Smallest normal subgroup

1. Jan 21, 2008

ehrenfest

[SOLVED] smallest normal subgroup

1. The problem statement, all variables and given/known data
Given any subset S of a group G, show that it makes sense to speak of the smallest normal subgroup that contains S. Hint: Use the fact that an intersection of normal subgroups of a group G is again a normal subgroup of G.

2. Relevant equations

3. The attempt at a solution
The hint makes the proof easy when G is finite. When G is infinite, I do not think that the result holds since the intersection, for example of two alpha_0 sets, can be the same cardinality of the original sets. Can someone confirm?

2. Jan 21, 2008

Hurkyl

Staff Emeritus
"Smallest" is meant in the sense of the partial order given by the subgroup relation. It is not meant in the sense of the total preorder given by comparing cardinalities.

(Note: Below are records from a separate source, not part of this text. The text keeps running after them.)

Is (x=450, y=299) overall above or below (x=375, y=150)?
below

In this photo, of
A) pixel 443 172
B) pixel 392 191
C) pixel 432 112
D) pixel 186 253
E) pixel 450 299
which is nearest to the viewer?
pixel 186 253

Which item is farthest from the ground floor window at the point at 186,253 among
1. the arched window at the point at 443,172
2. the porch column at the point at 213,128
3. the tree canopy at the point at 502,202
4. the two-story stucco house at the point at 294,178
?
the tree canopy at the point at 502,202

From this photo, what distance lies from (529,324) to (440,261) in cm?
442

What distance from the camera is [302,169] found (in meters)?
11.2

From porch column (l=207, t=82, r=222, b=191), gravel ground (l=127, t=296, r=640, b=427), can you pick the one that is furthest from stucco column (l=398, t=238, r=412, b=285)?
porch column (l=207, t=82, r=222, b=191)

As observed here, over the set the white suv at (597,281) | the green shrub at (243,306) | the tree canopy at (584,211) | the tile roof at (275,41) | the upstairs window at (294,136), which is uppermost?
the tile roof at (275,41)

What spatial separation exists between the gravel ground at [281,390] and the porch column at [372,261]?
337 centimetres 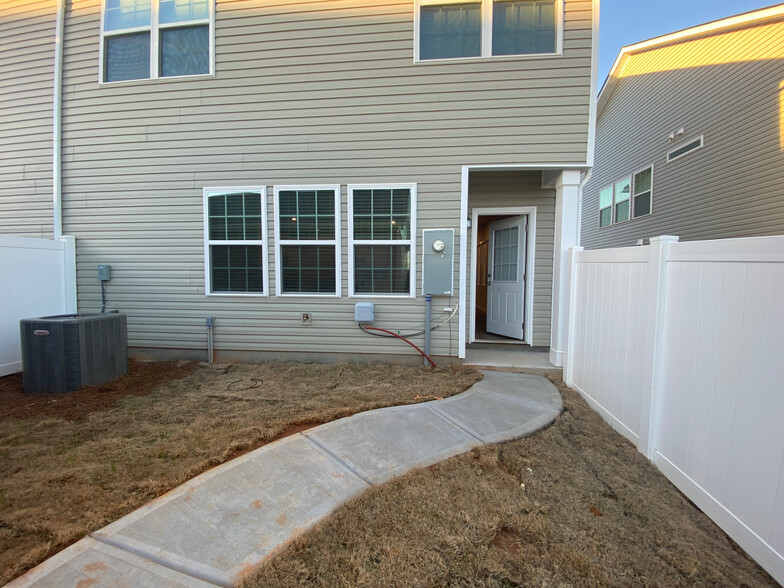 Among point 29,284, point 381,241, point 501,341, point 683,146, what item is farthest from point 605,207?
point 29,284

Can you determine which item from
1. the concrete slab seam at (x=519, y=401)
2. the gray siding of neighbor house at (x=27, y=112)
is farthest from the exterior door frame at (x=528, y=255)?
the gray siding of neighbor house at (x=27, y=112)

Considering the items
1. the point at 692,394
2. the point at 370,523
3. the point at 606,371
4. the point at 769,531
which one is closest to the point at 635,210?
the point at 606,371

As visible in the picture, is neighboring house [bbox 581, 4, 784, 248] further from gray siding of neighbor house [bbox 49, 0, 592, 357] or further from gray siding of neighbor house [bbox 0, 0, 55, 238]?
gray siding of neighbor house [bbox 0, 0, 55, 238]

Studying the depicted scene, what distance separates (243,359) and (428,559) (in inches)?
163

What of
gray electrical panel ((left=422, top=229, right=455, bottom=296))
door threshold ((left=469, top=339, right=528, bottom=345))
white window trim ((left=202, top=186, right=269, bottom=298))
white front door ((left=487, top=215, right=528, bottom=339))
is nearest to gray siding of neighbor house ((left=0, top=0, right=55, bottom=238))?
white window trim ((left=202, top=186, right=269, bottom=298))

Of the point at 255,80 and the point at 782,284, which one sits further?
the point at 255,80

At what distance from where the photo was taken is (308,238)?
4926mm

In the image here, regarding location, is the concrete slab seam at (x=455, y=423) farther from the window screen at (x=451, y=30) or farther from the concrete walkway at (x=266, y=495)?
the window screen at (x=451, y=30)

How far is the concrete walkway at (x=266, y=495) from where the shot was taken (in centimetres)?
161

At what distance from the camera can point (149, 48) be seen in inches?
202

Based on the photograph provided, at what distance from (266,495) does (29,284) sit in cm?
493

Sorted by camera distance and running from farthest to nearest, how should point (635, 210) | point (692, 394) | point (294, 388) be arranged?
point (635, 210)
point (294, 388)
point (692, 394)

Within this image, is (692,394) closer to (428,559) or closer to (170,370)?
(428,559)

That said, in a preorder, it is perfectly okay for there to be more than one "smallest" element.

(eep! I hope the point of the exercise wasn't for you to discover this yourself)

Last edited: Jan 21, 2008
3. Jan 21, 2008

Mystic998

I always understood it as a definition that the smallest set (possibly with restrictions) A containing a set B as the intersection of all sets (with the same restrictions) containing B.

4. Jan 21, 2008

ehrenfest

I am confused. What exactly do they want me to prove??

5. Jan 21, 2008

Mystic998

Good question. I hate these loosely worded problems about things "making sense."

Honestly, I'd just show that an arbitrary intersection of normal subgroups containing a nonempty set is a normal subgroup, and move on.

6. Jan 21, 2008

Hurkyl

Staff Emeritus
"Does ____ makes sense?" often (usually?) means "Is ____ well-defined?"

7. Jan 21, 2008

ehrenfest

But what is ______ in this case?

I think I'll just take Mystic998's suggestion.

8. Jan 21, 2008

Hurkyl

Staff Emeritus
"the smallest normal subgroup that contains S"

9. Jan 21, 2008

ehrenfest

And what exactly is your definition of "smallest" (I read post #2, but I want a real precise definition if you don't mind)?

10. Jan 21, 2008

Mathdope

I think you can take it to mean it's the intersection of all normal subgroups that contain S.

11. Jan 21, 2008

Hurkyl

Staff Emeritus
As in any preorder, "smallest" is defined as follows:

Suppose that $\leq$ is a reflexive, transitive relation on a set P, so that $(P, \leq)$ is a preorder1. X is a smallest element of $(P, \leq)$ if and only if, for every $Y \in P$, we have $X \leq Y$.

In this case, P is the set of subgroups containing S, and $\leq = \subseteq$.

I.E. an element is the smallest if and only if it is less than or equal to every element of your preordering.